> [REQUIREMENT] In the material below, find the line containing "賽前馬競球迷向警方投擲雜物場面失控，警方發射了催淚瓦斯" and the line containing "Amethyst Ring lila in 585 Gelbgold". Output those two lines and all lines between them exactly, without pictures.

> [DATASET]
# # # #

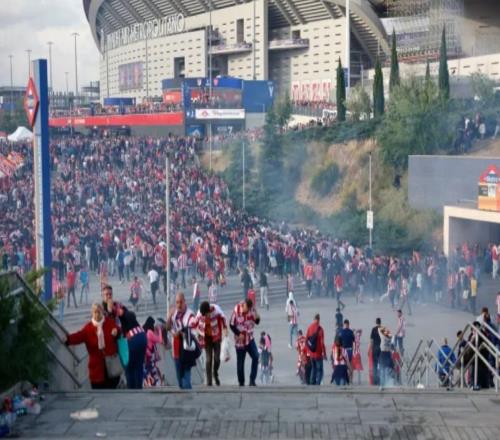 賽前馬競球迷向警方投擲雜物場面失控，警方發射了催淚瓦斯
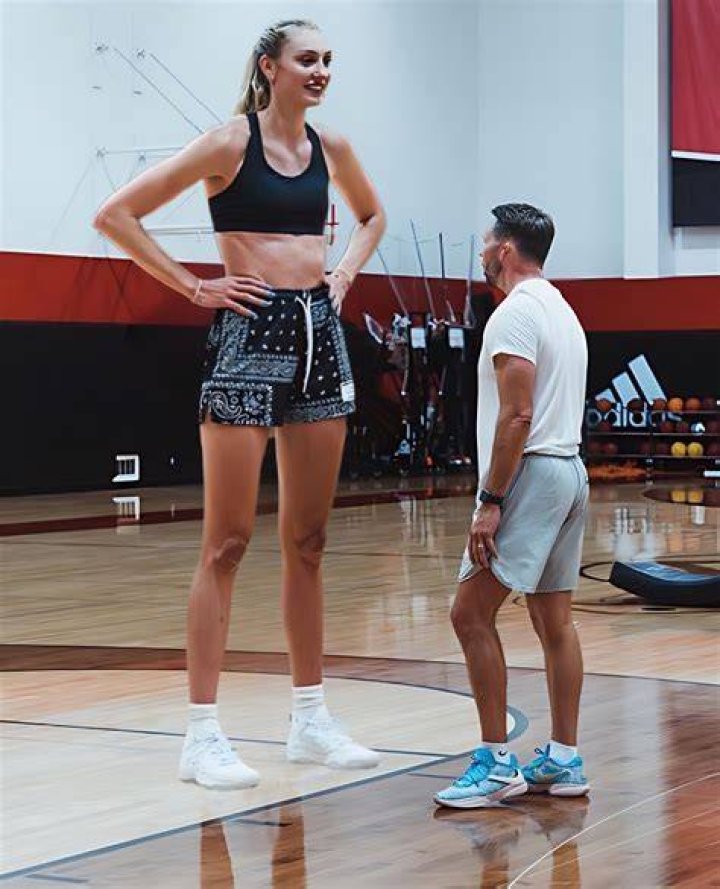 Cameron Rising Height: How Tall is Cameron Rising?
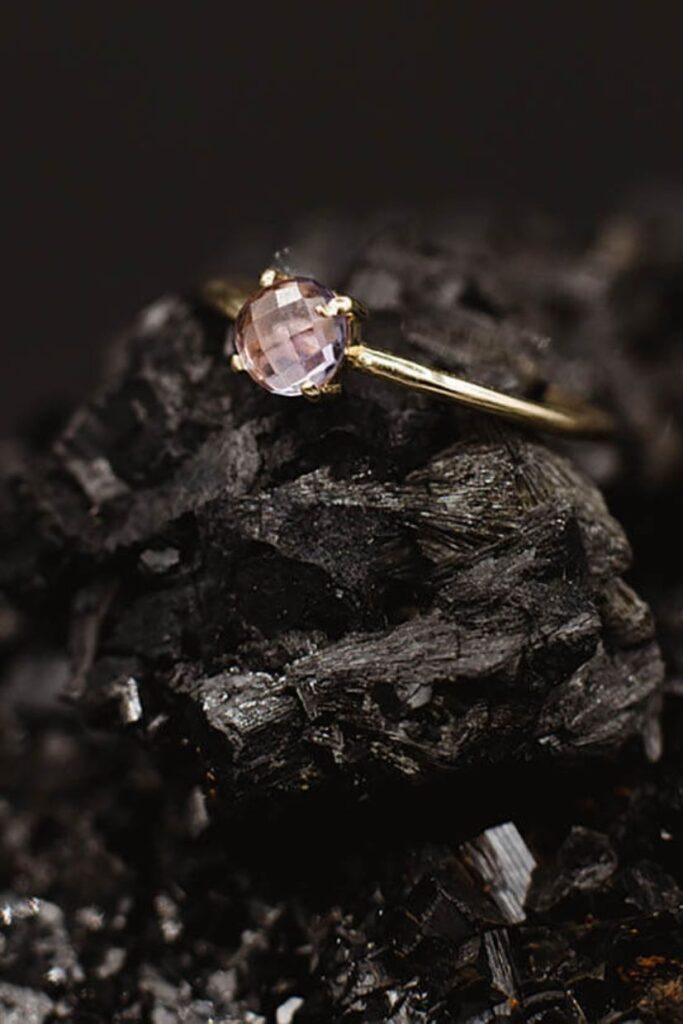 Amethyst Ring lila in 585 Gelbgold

# # # #

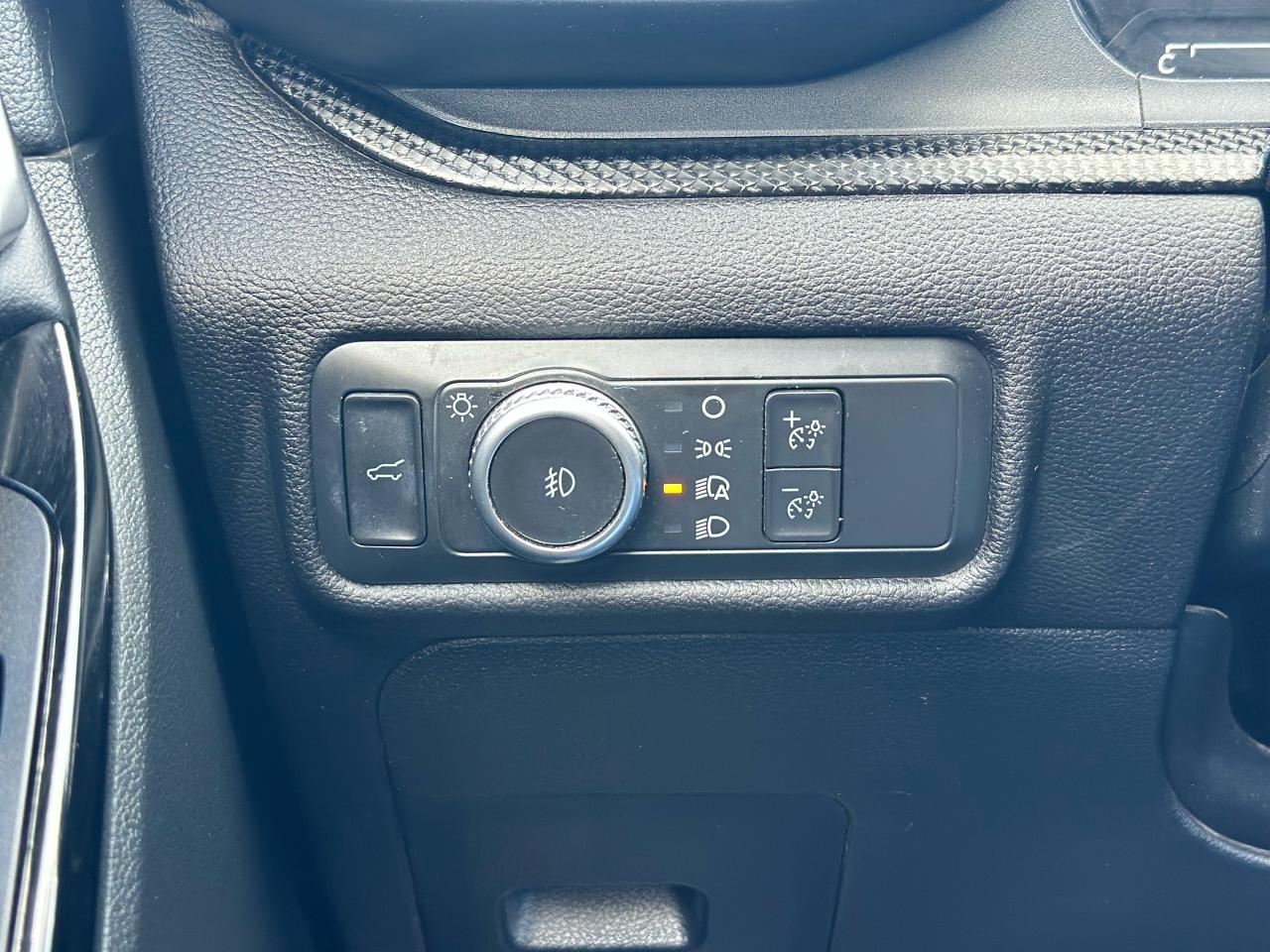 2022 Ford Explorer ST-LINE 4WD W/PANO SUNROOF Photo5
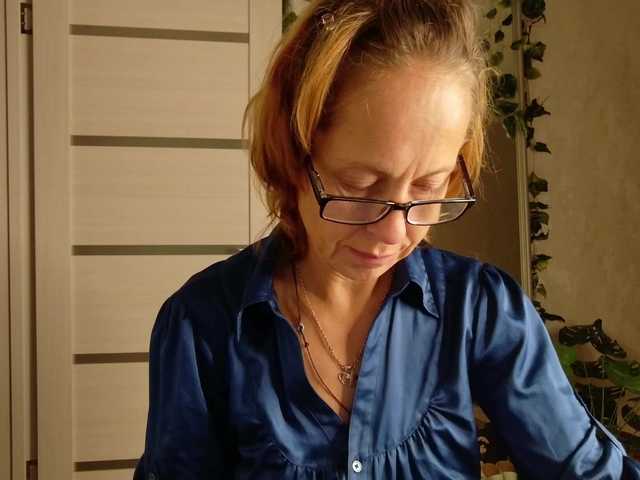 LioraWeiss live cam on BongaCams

# # # #

> [TASK RESULT]
 賽前馬競球迷向警方投擲雜物場面失控，警方發射了催淚瓦斯
 Cameron Rising Height: How Tall is Cameron Rising?
 Amethyst Ring lila in 585 Gelbgold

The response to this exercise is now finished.